Most research focuses on single-pole case studies, with far more on destinations (n = 69) than origins (n = 29) and few publications covering both (n = 8) (Figure 2). Over half of the destinations (40/69) involve two or more diasporic communities originating from different countries. For example, the case of Hawaii’s Plantation Village involved 17 diasporic communities, although the scale of the site is comparably small [37]. Instead of conflicts, most studies of destination emphasised the narratives of collective memories or shared interests among different diasporic communities [37,38].
Although the single-pole attention was most common in past research, more recent research was found comparing the two poles, especially after 2022. Dilemmas in managing both origin and destination diasporic built heritage were discussed. Examples of these studies are those focused on the Chinese Deng clan community’s conservation of memorial sites crossing China mainland, Hong Kong, and Canada [39], and the heritage practice of the Guangze Zunwang cult in China and Southeast Asia [40].
The definition of diasporic poles is also influenced by the narratives of different diasporic communities, where diasporic built heritage practice becomes a way of cultivating and expressing community identities and belonging: (1) An ancestral homeland can become a destination. For example, Chinese Indonesians in China identify China as their destination where they desire to portray Indonesian culture in village tourism development [131]. (2) A transit country can be identified as an origin. This can be seen in the case that Brazil is a transit place of African-derived religions, and is regarded as a homeland by some African Americans, so they joined townscape festivals [132]. (3) Over generations, some diasporic communities might lose attachment to their homeland, instead taking the places of transit as their origins, exemplified by the Chinese in Indonesia [129].
Typical in origin cases, these bi-directional or multi-layered spatial narratives are often embedded within larger social stratification and power structures, and the building of these narratives could be at expenses of other groups, resulting in conflicts. For example, Ethiopian Jews who “returned” to Israel still faced social marginalisation by recreating “Little Ethiopia” within their neighbourhoods [110]. Another example is that the American tourists’ narrative of “black homeland heritage” creates discursive tensions with both local Candomblé women and antagonistic evangelicals [132].

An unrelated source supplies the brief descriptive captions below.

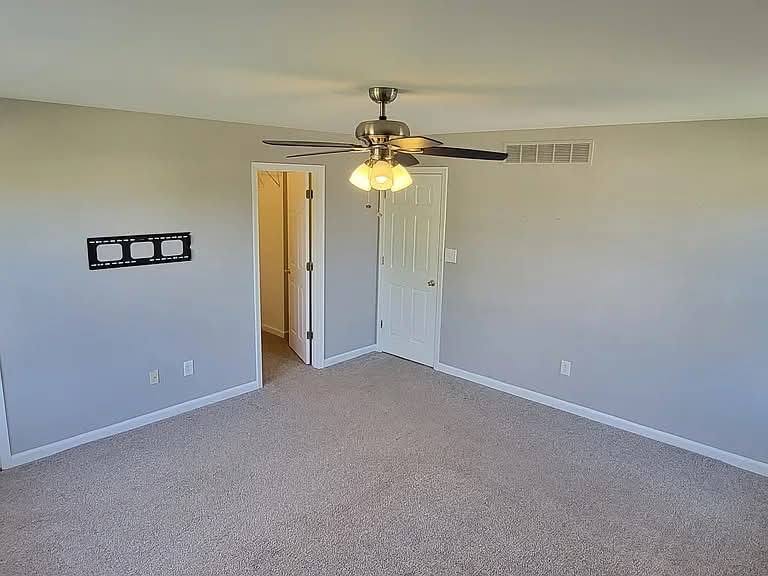 Building Photo - 265 S Ember Dr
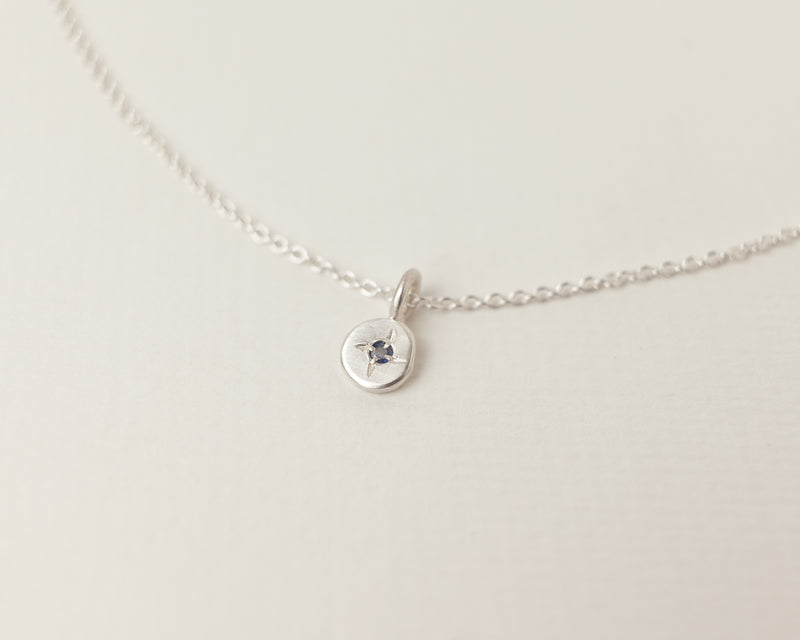 Mini sapphire necklace silver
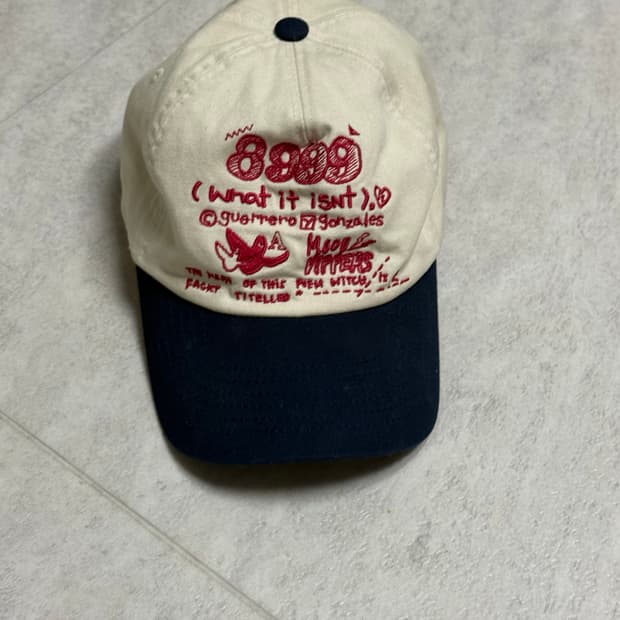 왓잇이즌 아이보리 볼캡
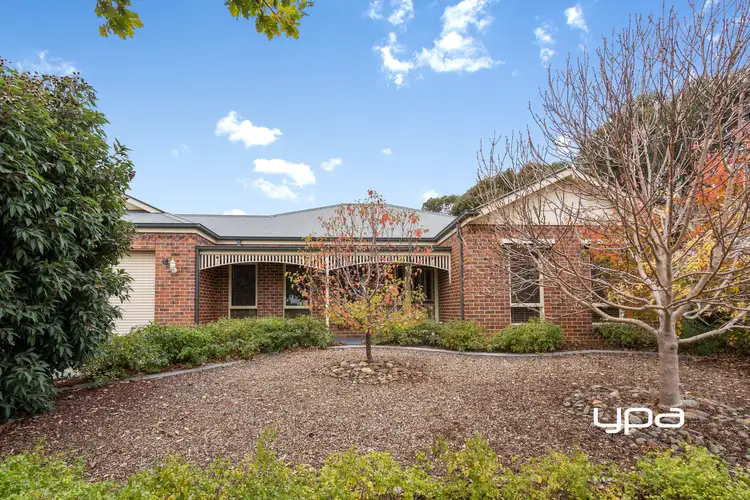 39 Belleview Drive, Sunbury VIC 3429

3.1.2. Institutional Research Interests

Within the global research of participatory management of diasporic built heritage, knowledge production is unevenly distributed across research institutions, with many regions lacking locally based research outputs. Compared to the locations of diasporic built heritage, the research institutions focusing on this topic cover a narrower range, mainly from Europe (n = 44), the Americas (n = 21, mostly North America), Asia (n = 20, particularly in West and East Asia), and Oceania (n = 13) (Figure 4). While local research is the mainstream for European institutions, they also have the widest reach in the world. North American institutions have more attention in African locations, and there are bi-directional research interests between institutions in China and Southeast Asia. These distinctions may stem from not only the historical geographic connections of diasporic contexts, but also reflect contemporary academic migration and clustering of research teams.
Compared to the average geographic distribution of heritage participation cases reported by [2], the locations of diasporic built heritage examined in this review show a stronger concentration in Europe and North America. There is a notable lack of research in Africa, South America, and South Asia, which have been widely identified as the origins of many diasporic communities. There is also a lack of research by local institutions. The same lack applies to Central and West Asia as destinations, as well as South America as both origins and destinations (Figure 3 and Figure 4). These knowledge gaps may shape our understanding in potential quantity and quality of diasporic built heritage worldwide, while also reflecting the potential underrepresentation of case studies and research institutions in such regions compared to real-world practices.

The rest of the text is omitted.